Dear Mr. Peizer,
My mom and I have never had the best relationship. We always fight and never get along. Sometimes I feel as if nothing can be worse than our relationship. I never seem to be able to please her no matter what I do, I try to get good grades in school and participate in extracurricular activities and sports, but nothing makes her happy. She just always gets mad at me for things that I do not even understand why she is mad. After I read your book A Child Called It though I realized that I should be very thankful for my relationship with my mom.

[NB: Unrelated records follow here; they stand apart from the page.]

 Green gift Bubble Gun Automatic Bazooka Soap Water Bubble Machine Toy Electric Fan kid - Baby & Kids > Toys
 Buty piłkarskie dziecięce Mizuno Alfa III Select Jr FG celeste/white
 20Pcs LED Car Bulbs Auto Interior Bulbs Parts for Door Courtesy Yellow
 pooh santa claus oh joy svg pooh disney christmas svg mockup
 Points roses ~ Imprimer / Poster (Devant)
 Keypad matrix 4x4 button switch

After reading about your autobiography about you and your mother it made me think a great deal more about the relationship with my mom. I always thought that nothing could be worse than my relationship with my mom, but I was wrong. My mom does not hurt me physically at all, and when she does get mad at me it is usually because of something that I did, but I just don't want to admit it. My mom takes care of me and buys me things that I want; she bought me a car and other things and she takes me places, like to a mall to go shopping or on fun vacations. After I read your book I realized that there are a lot more positive aspects to our relationship than I realized before, my mom always tries hard to provide for me and always reminds me that she loves me.

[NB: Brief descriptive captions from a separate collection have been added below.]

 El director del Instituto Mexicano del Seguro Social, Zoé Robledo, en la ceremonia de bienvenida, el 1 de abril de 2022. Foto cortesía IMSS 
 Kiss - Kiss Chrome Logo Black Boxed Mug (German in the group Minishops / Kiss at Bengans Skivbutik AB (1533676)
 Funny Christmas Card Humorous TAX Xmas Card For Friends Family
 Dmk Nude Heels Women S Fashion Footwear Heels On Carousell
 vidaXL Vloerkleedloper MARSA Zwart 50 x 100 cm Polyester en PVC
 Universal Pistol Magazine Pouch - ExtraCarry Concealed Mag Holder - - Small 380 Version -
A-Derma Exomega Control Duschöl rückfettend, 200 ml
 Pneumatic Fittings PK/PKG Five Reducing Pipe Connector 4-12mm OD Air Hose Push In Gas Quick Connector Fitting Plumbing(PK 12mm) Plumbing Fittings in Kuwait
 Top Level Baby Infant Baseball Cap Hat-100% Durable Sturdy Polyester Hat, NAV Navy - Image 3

I am much more thankful for what my mom does for me now that I realized that others have relationships with their parents much worse than mine. Reading your book also gave me a different perspective about my peers in high school and their relationships with their parents. I never thought that others could have relationships with their parents that involve their parents beating them; it just seems impossible to me. Now, when I hear about cases that involve parents hurting their children it makes me sympathize more for others and wonder what they are going through. It makes me reflect on how my mother's relationship with me is not that bad; I am very fortunate to have someone that cares so much for me.
Knowing that others are worse off than my situation makes me feel awful for thinking that my situation is the worst possible. My difficulties with my mom compared to others makes mine seem a lot less insignificant. I feel guilty for making my mom seem like such a bad person when she is really one of the best people that I know. She does not deserve to be compared to the evil people who do actually hurt their kids.

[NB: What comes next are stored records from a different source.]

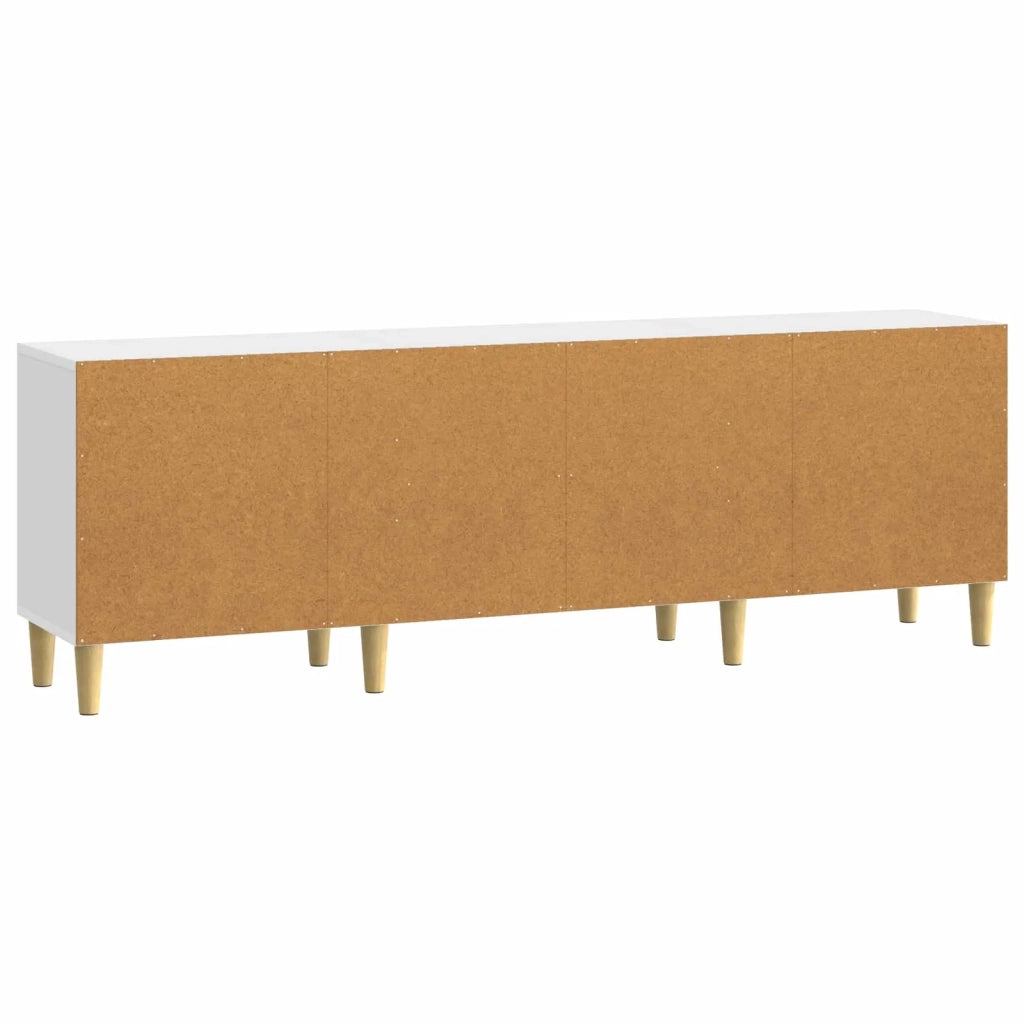 Mobile TV 150 x 31 x 50 cm Bianco Lucido Legno ingegnerizzato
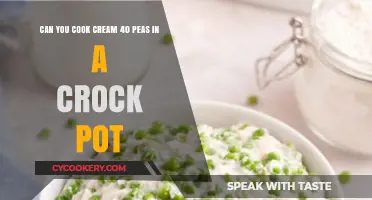 Cooking Creamy Peas: Slow-Cooked Deliciousness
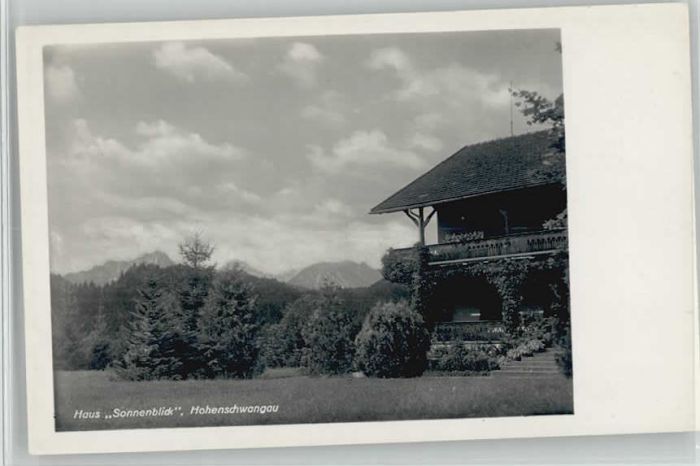 Hohenschwangau Haus Sonnenblick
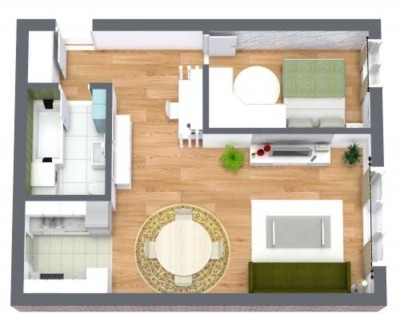 Schöne 1-Zimmer-Wohnung mit Balkon, voll ausgestattet, zentral in Hanau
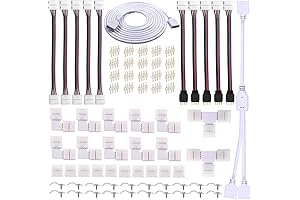 4-Pin LED Strip Connector Kit: Enhance Your DIY Lighting Projects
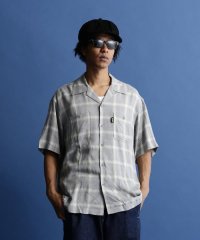 Schott/OMBRE PLAID SS SHIRT/オンブレ チェック 半袖シャツ/505090410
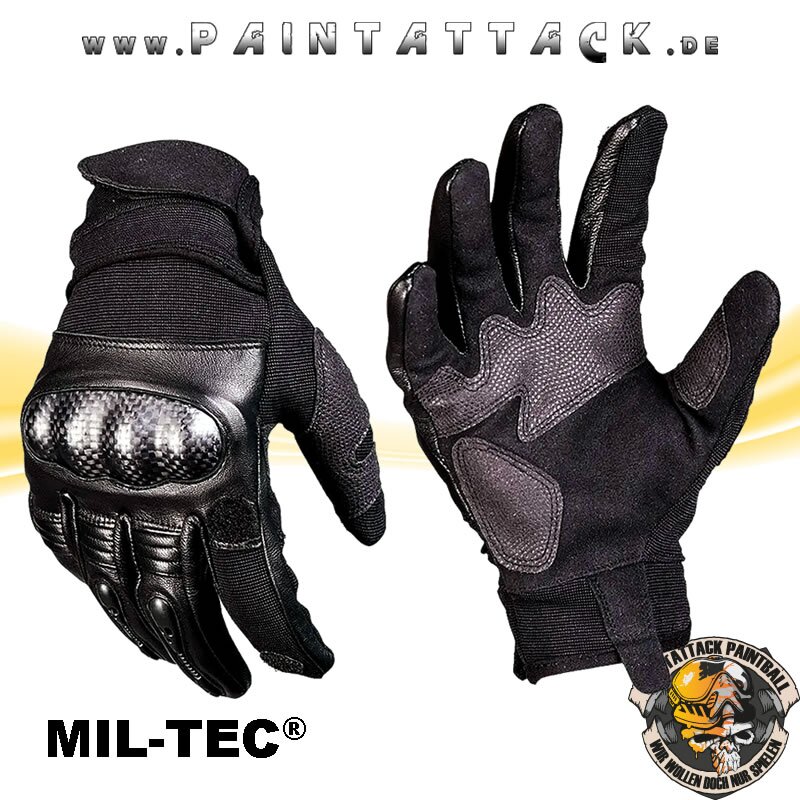 Taktischer Einsatzhandschuh Gen II Handschuh mit Leder schwarz XL -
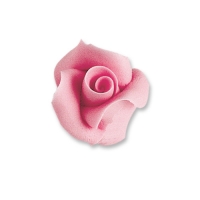 24 St. Fein-Tragantzucker Rosen rosa, klein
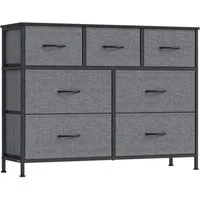 SONGMICS Kommode Schrank mit 5/6/7/8/9 Schubladen, Aufbewahrungsschrank, Stahl, MDF, Vliesstoff, für Schlafzimmer
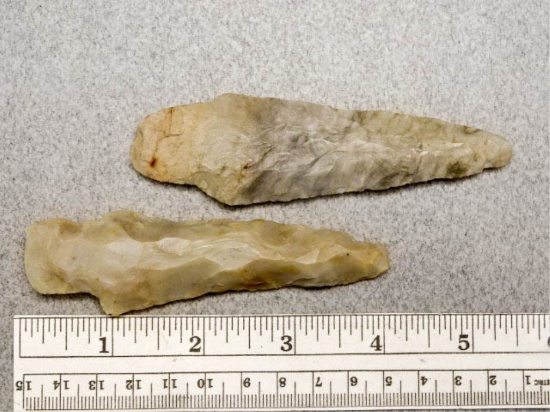 Two Adena Points - 4 in. - Flint Ridge &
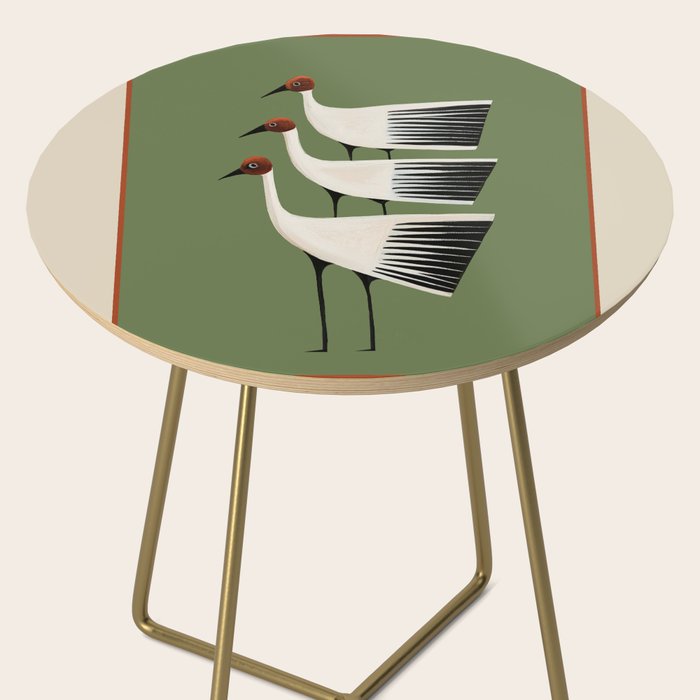 Striped Bird Trio Side Table Gallery Image 2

Ever since I read your book I have been trying to make a difference in children's lives that do not get along well with their parents. I try to be nicer to them and be there for them when they need someone. Whenever my friends go through a difficult time with their parents I try to always be there for them and understand how they feel. Before I read your book, I was selfish and only thought about myself and my problems, but now I try and help others to and think less about myself.
Mr. Pelzer, you are very brave and I know that in your situation, I may have not made it out. You have taught me that I need to be more courteous to my mom and think of her as a good person because she is one. You have also taught me to care more for others and their relationships with their parents then mine with my mom. Because of you, I am a better person then I was before I read A Child Called It.